I find K-BB% to be the best quick-and-dirty stat analysis for pitching prospects. It sums up just how dominant a pitcher is against his penchant for walking batters, and it completely removes poor minor league defense from the equation. It’s an incomplete picture for sure, but that’s how minor league stat-scouting goes.
How well are those arms performing in context with their peers? With a minimum of 30 innings pitched, here’s how they compare with pitchers in their division. Players ranked by rank relative to division:
*Hajjar has 29 innings pitched as of writing this, but he’s an essential piece of the story, so I included him anyway.
Festa has pitched with both Fort Myers and Cedar Rapids in 2022, which makes his placement in the table messy—just know his K-BB% would be elite in either league.

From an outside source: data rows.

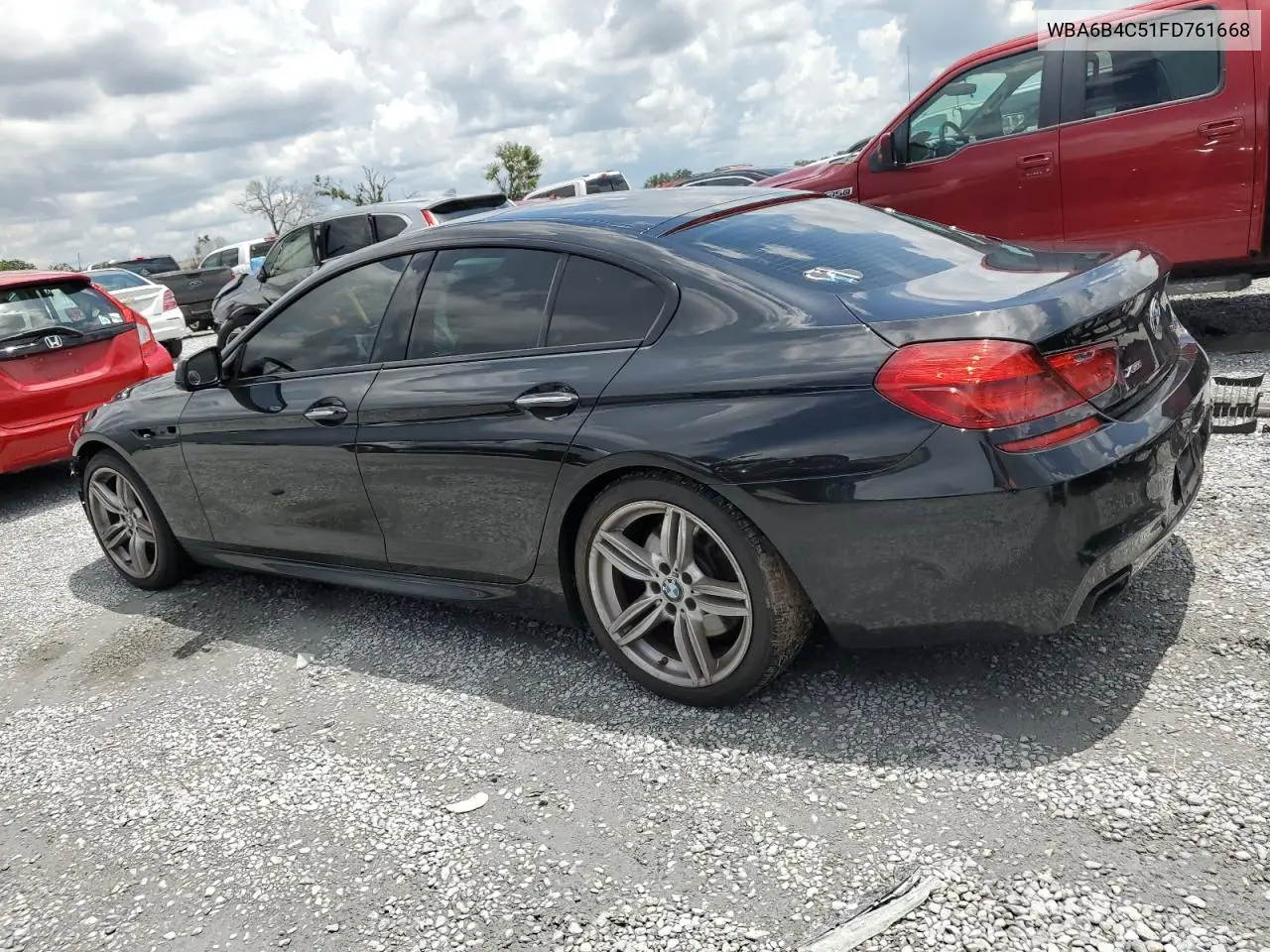 2015 BMW 650 Xi Gran Coupe VIN: WBA6B4C51FD761668 Lot: 61762465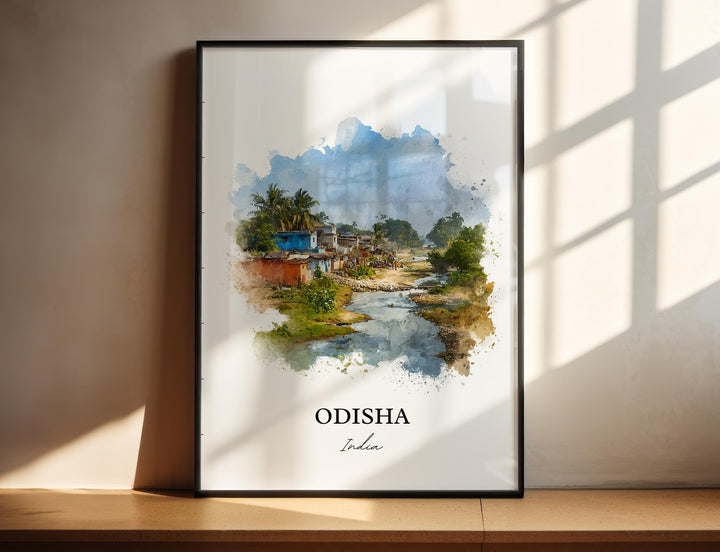 Odisha India Wall Art, Odisha Print, Odisha India Watercolor Art, India Gift, India Travel Print, Travel Poster, Housewarming Gift
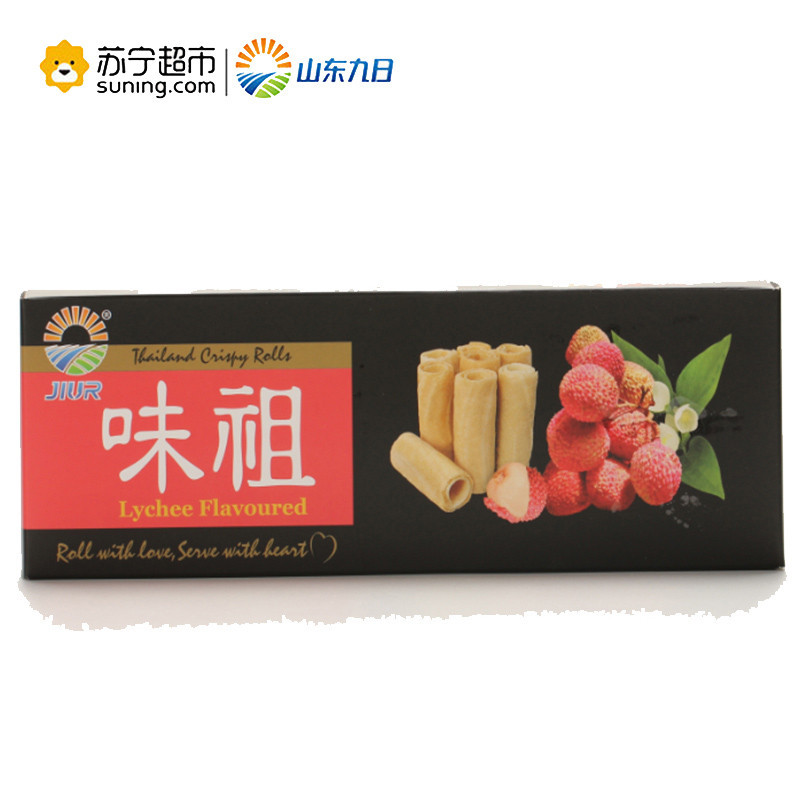 九日(JIUR) 进口饼干 九日三丝卷荔枝味饼干75g 泰国进口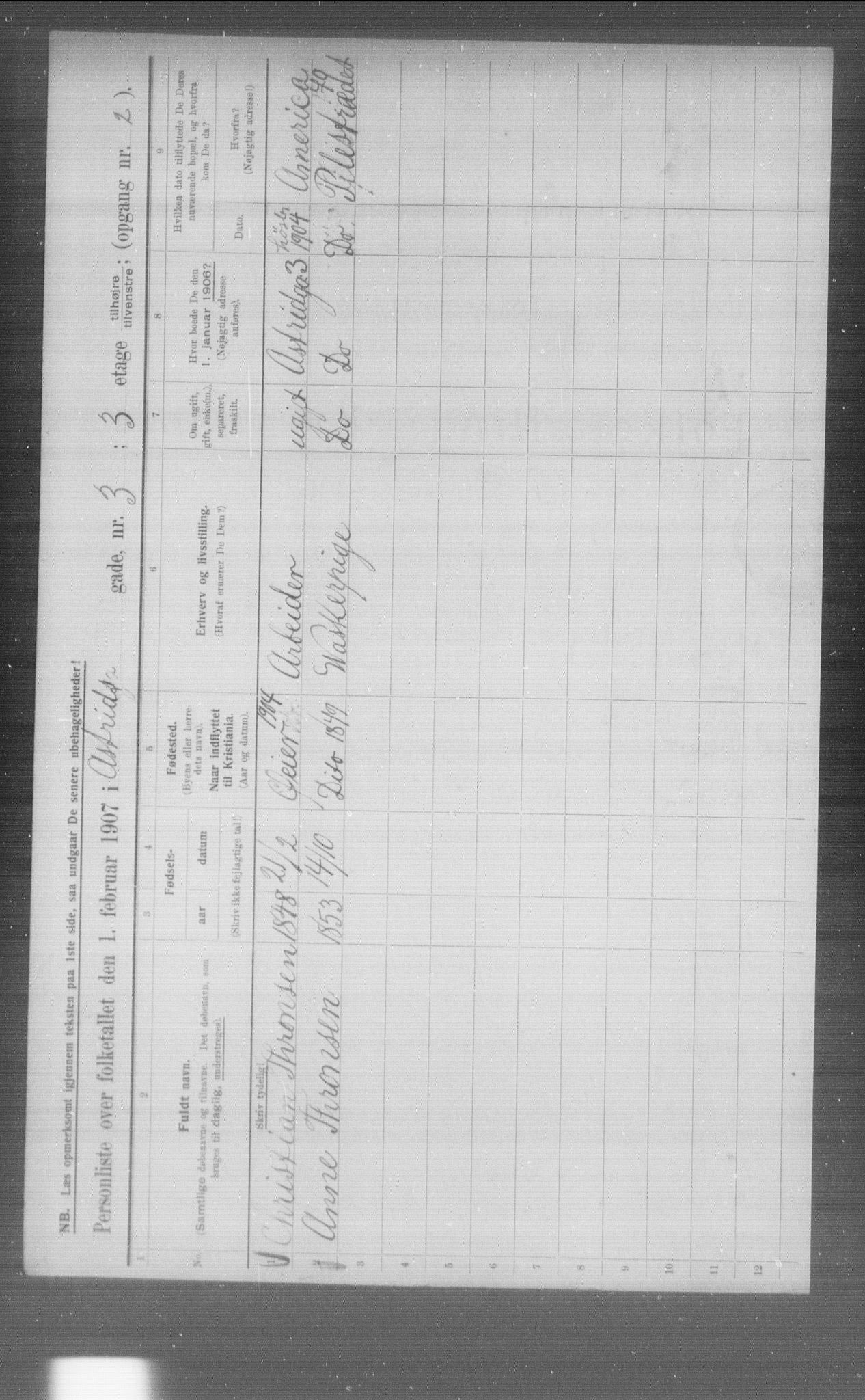 OBA, Municipal Census 1907 for Kristiania, 1907, p. 1337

The Twins have targeted college arms specifically for years now. Since 2017, their drafts have been 43%, 43%, 38%, and 45% college arms, respectively, with 2020 ignored as it should be for every topic. Bailey Ober, Cole Sands, and Josh Winder were college arms, and while they didn’t draft Joe Ryan, he came from the collegiate ranks as well. It took a few years of cleaning out the gutters, but the system is now overflowing with college arms.
This focus is nothing new for Derek Falvey; he coveted multiple collegiate arms during his time as a Cleveland executive. Corey Kluber, Trevor Bauer, Mike Clevinger, Shane Bieber, and Aaron Civale rose through the college ranks before joining Cleveland’s system and found varying levels of success in the majors. That’s three Cy Young winners for those keeping track.
An advantage to drafting college arms is their seasoning; those players have more time performing against high-level talent and require less time in the minors than their high school counterparts. Teams know this; it’s why the Angels, probably foolishly, drafted 19 college pitchers in 2021. The draft is 20 rounds.
Another truism about drafting college pitchers is that, because their cement is more dry, taking one is less a game of projections and more a project of finding undervalued characteristics. High schoolers might as well be light-years away from the majors, and their development presents an immense risk. The Moneyball book perfectly represented the idea with Billy Beane’s anger at drafting Jeremy Bonderman, a projectable arm with a “clean delivery, and a body that looked as if it had been created to wear a baseball uniform.” Although, Bonderman had the last laugh when he pitched more than 1,200 innings in MLB over a nine-year career.
Is this simply just the game repeating itself; it’s meta-game moving full-circle back towards what was cutting edge thinking 20 years ago? Perhaps, perhaps not. If you looked carefully, you’d see that players like Povich and Hajjar found extra velocity ticks after joining the organization. The team could be identifying players with more data attached to them to target a fix or two and enjoy the benefits of a more realized player. After all, this is the landscape of Big Data in baseball, and the Twins might be using it to their advantage.